Enter Khronos. Royalty-wise, 3D on the Web is an easier problem than video—thanks to the long-standing, open, royalty-free movement built around 3D technology. The power­ful partners within the Khronos organization have been joined by the major browser vendors and are taking on WebGL as a way to leverage HTML 5 for 3D and animation on the Internet without requiring plug-ins. There’s a fine synergy going on here. The World Wide Web Consortium (W3C) lists Ian Hickson from Google and David Hyatt from Apple as editors of the HTML 5 specification. Both men’s companies are members of Khronos, and both companies want to see the Web become a framework for plug-in free, interoperable RIAs. This is truly a case of building it so everyone can come in and play—and could enable rich 3D Web content and user interfaces—unleashing the gates of developers’ imaginations to create all sorts of cool stuff that really hasn’t been possible until the walls come down.
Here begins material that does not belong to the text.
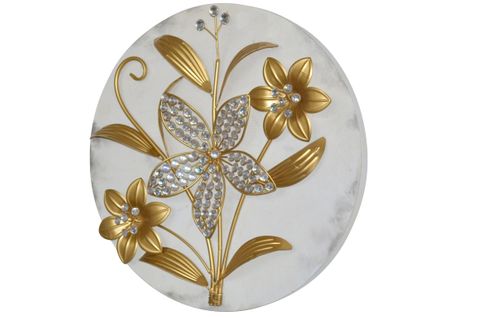 Décoration Murale Ronde – Branche Fleurie Dorée Sur Fond Patiné En Métal Et Plaque Ronde En Mdf De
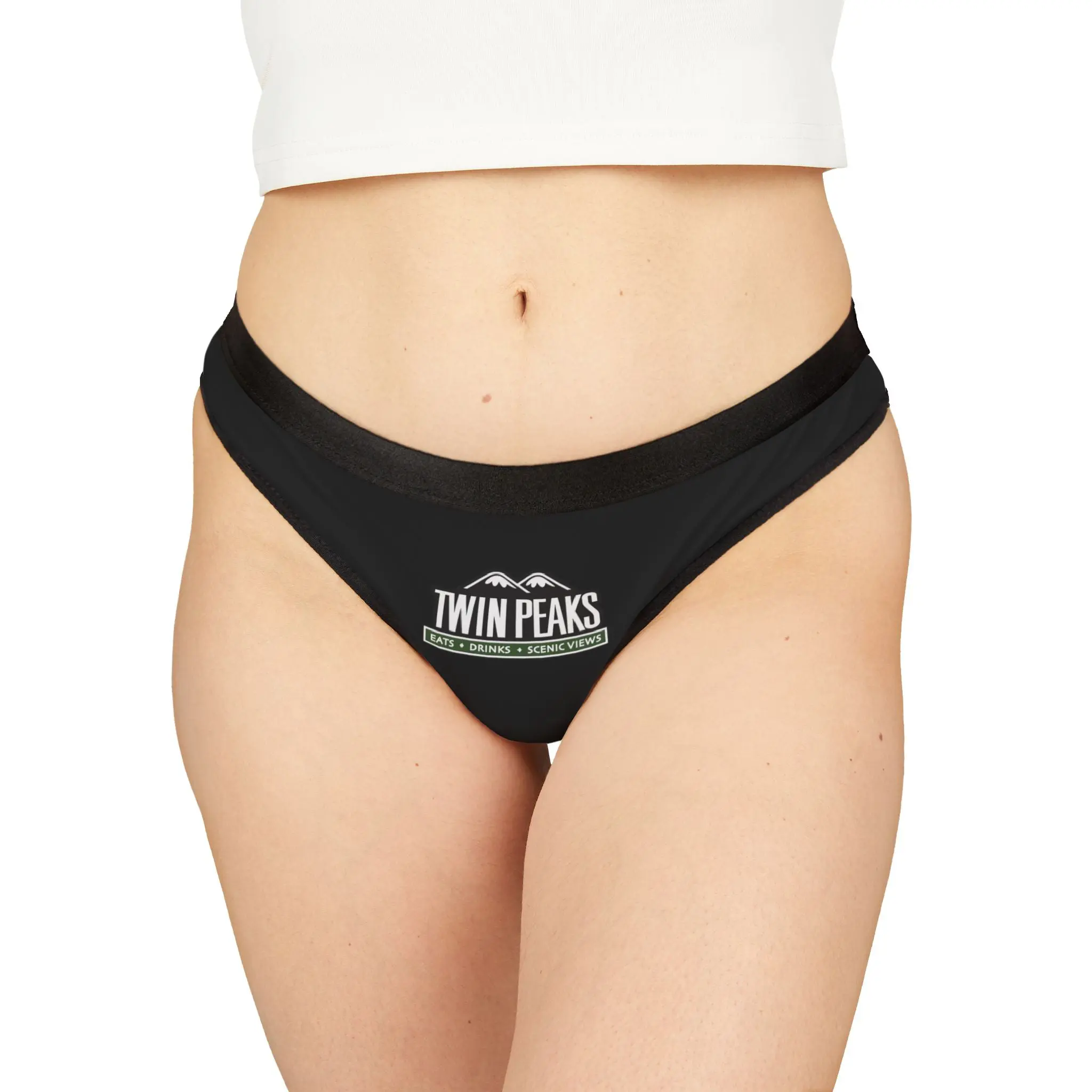 Black bikini bottom with Twin Peaks logo.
Think about the involvement of Apple in all this, if you haven’t already. Apple has made no secret of its dissatisfaction with Flash, and it’s at least arguable that what it doesn’t like is that the offering belongs to Adobe. An open standard is preferable, and an open standard that Apple helps define is better yet. It will also ensure that the standard gets really good codecs and that they’re updated. Come to think of it, the presence of Google doesn’t hurt, either. Both companies need ways for multimedia to run on mobile devices within browsers.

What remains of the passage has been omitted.